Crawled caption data
────────────────

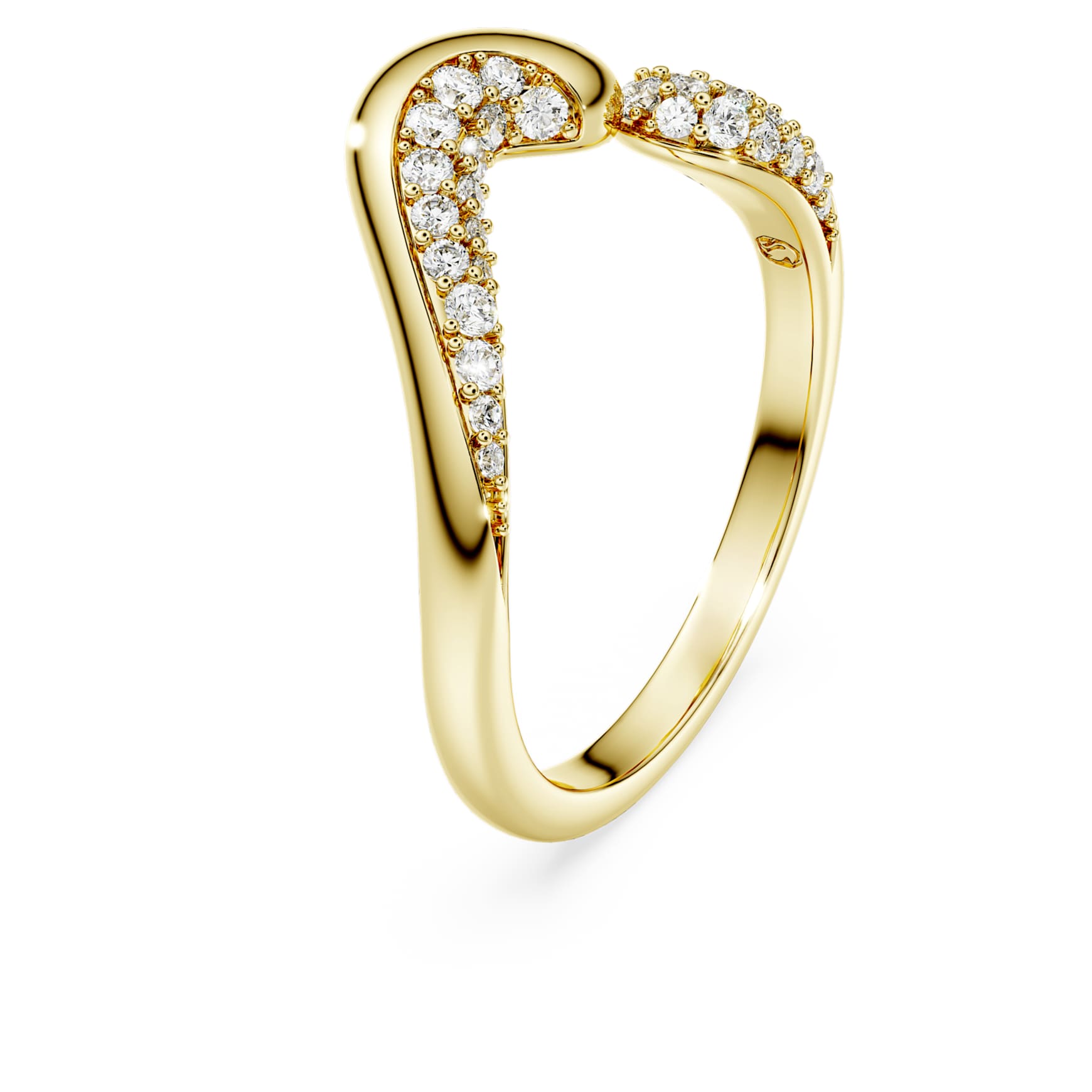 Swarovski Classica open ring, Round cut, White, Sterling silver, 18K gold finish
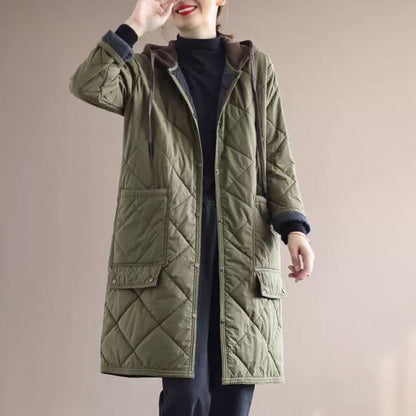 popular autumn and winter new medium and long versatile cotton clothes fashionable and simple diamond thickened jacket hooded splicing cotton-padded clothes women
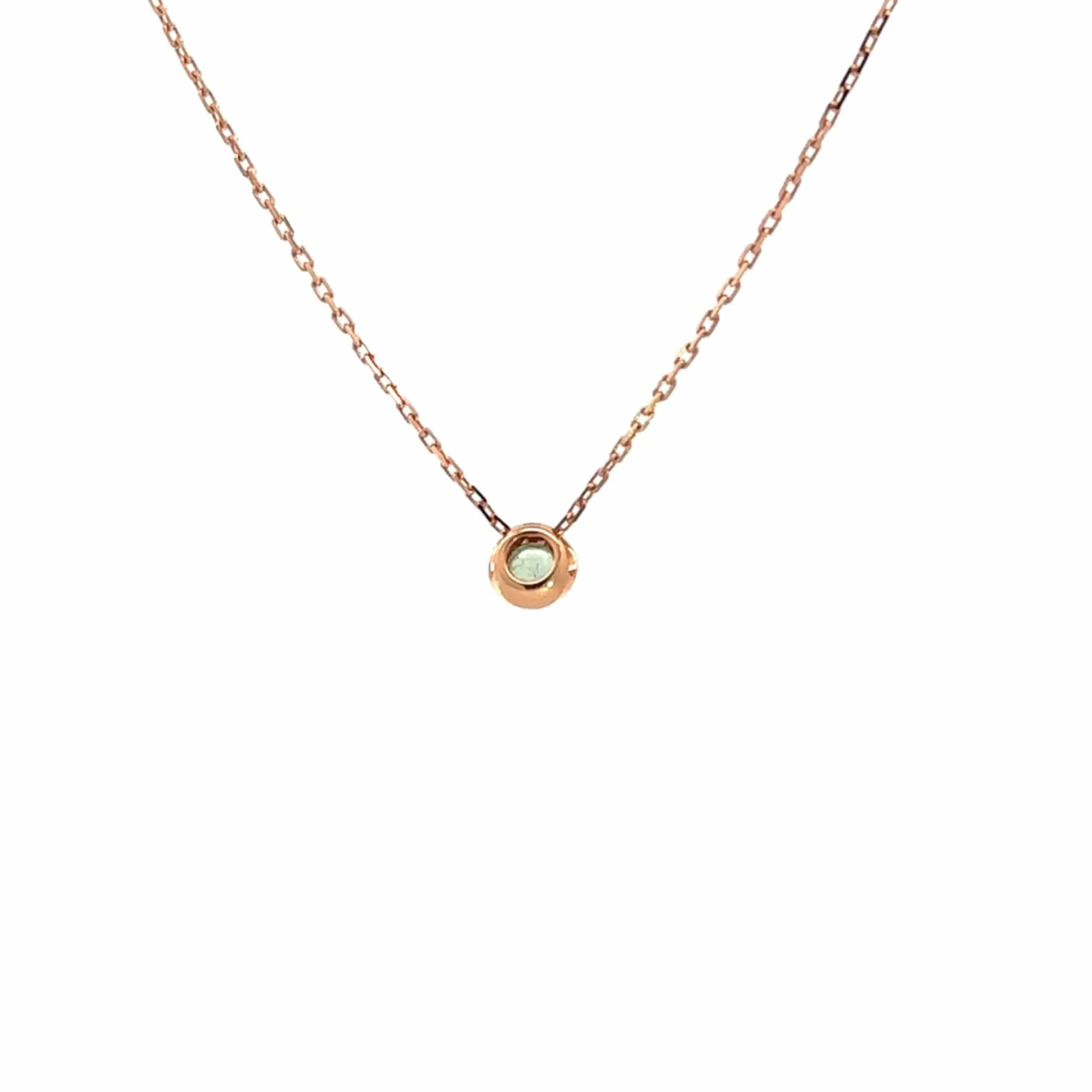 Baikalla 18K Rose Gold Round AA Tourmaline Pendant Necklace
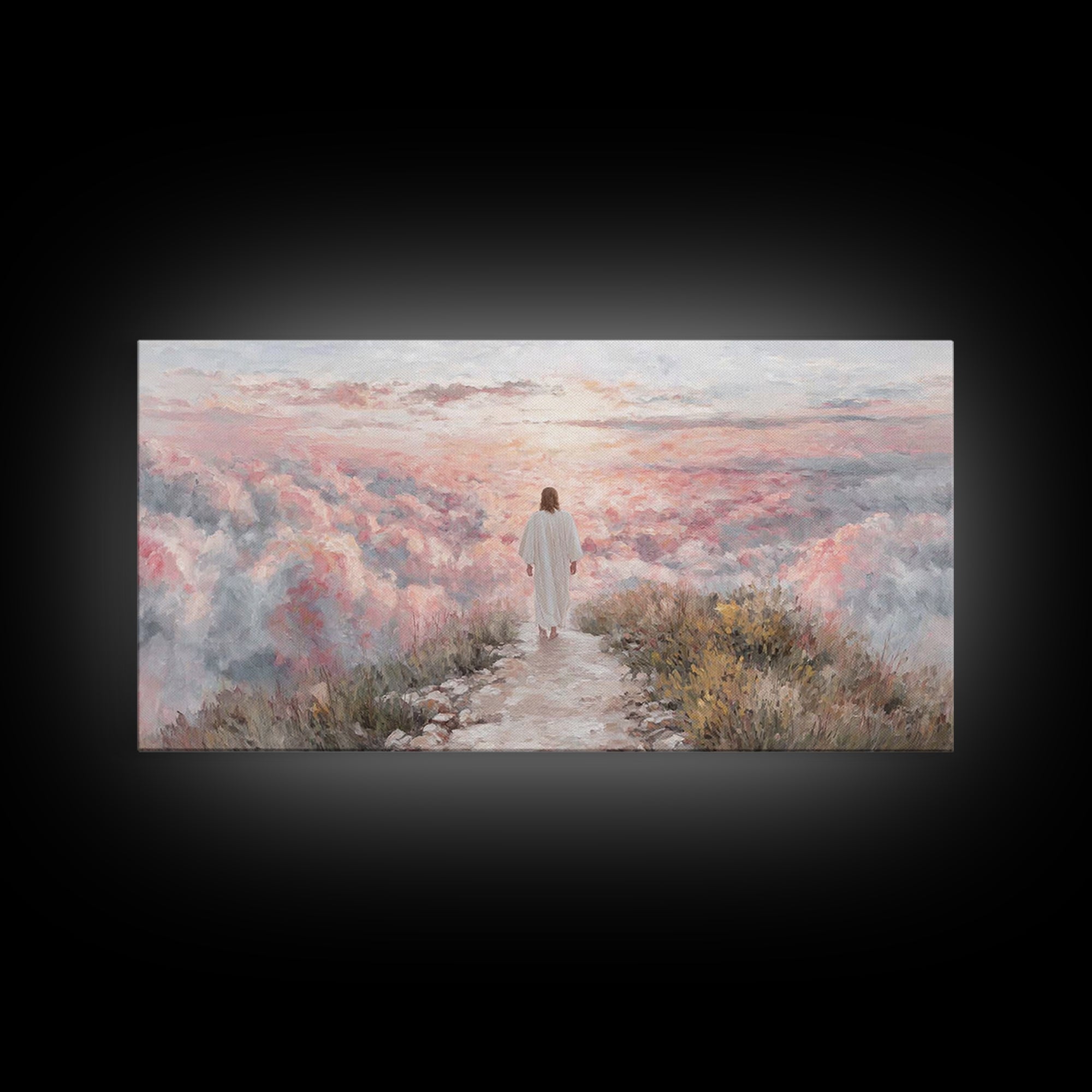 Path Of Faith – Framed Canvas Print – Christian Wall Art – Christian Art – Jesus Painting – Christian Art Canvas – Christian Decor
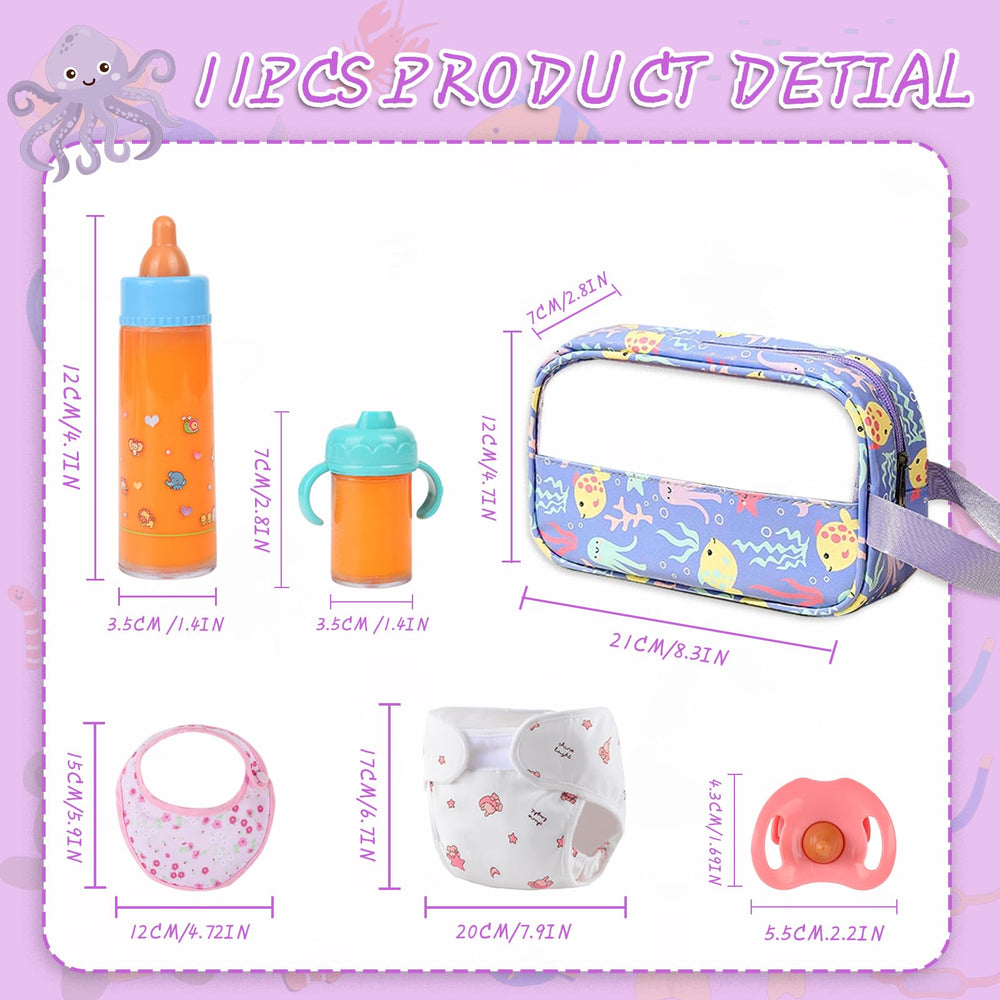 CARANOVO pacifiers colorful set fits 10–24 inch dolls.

────────────────

Repeat the records in full and exactly, leaving every picture out.

■ Task response ■
 Swarovski Classica open ring, Round cut, White, Sterling silver, 18K gold finish
 popular autumn and winter new medium and long versatile cotton clothes fashionable and simple diamond thickened jacket hooded splicing cotton-padded clothes women
 Baikalla 18K Rose Gold Round AA Tourmaline Pendant Necklace
 Path Of Faith – Framed Canvas Print – Christian Wall Art – Christian Art – Jesus Painting – Christian Art Canvas – Christian Decor
 CARANOVO pacifiers colorful set fits 10–24 inch dolls.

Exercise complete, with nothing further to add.